Lol, Vulkan isn't "biased". AMD GPU's are just more advanced when it comes to more direct GPU access (that Vulkan and DX12 allow), the fact they weren't shining is because software wasn't taking any advantage of all that yet. Till now. I mean, AMD had partial async compute since HD7000 series and full in R9 290X. NVIDIA still doesn't have even partial in GTX 1080 from the looks of it. Async is when you ca seamlessly blend graphics, audio and physics computation on a single GPU. Something AMD was aiming basically the whole time since they created GCN. They support graphics, they've added audio on R9 290X and they've been working with physics for ages, some with Havok and some with Bullet.
R9 Fury X users don't feel that let down anymore
In fact R9 Fury cards in general shine in DX12 and apparently also in Vulkan. While I love my GTX 980 I kinda regret I haven't gone with R9 Fury/Fury X.
Also, for people saying "async emulation", there is no such thing, either you have hardware implementation or you don't. You can't emulate a feature that's sole purpose of it is massive performance boost through seamless connection of graphics and compute tasks.
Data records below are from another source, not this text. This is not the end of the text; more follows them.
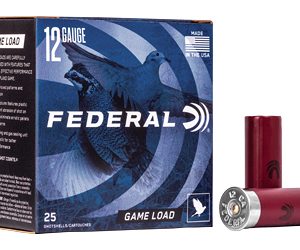 FEH1218BX 1.jpg
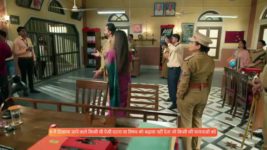 Pyar Ka Pehla Naam Radha Mohan S01 E775 28th June 2024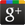 GPlus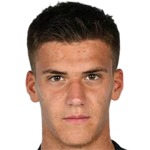 Filip Stankovic
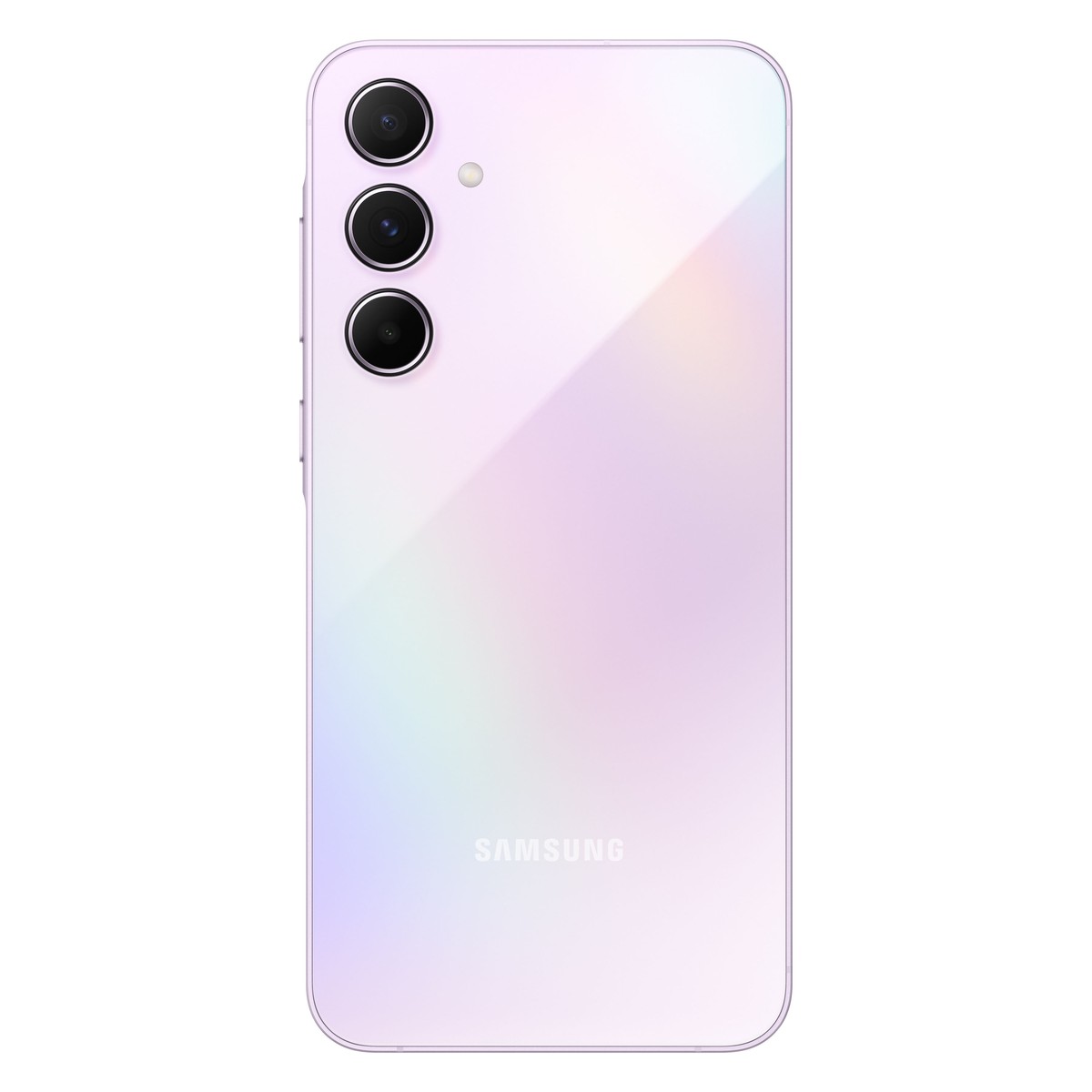 Samsung Galaxy A55 5G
This is the same as emulation of pixel shaders when they became a thing with DirectX 8. Either you had them or you didn't. There were some software emulation techniques, but they were so horrendously slow it just wasn't feasible to use in real-time rendering within games. Async is no different. And NVIDIA apparently doesn't have it. Which kinda sucks when you pay 700+ € for a brand new graphic card...
I guess that's how NVIDIA fanboys are comforting themselves after buying super expensive GTX 1000 series graphic card (or GTX 900) that sucks against last generation of AMD cards that weren't particularly awesome even back then. "uh oh it doesn't lose any performance". Well, you also gain none. What's the point then? The whole point of Vulkan/DX12 is to boost performance. When devs will cram more effects into games assuming all these gains, your performance will actually tank where AMD's will remain unchanged. How will you defend NVIDIA then?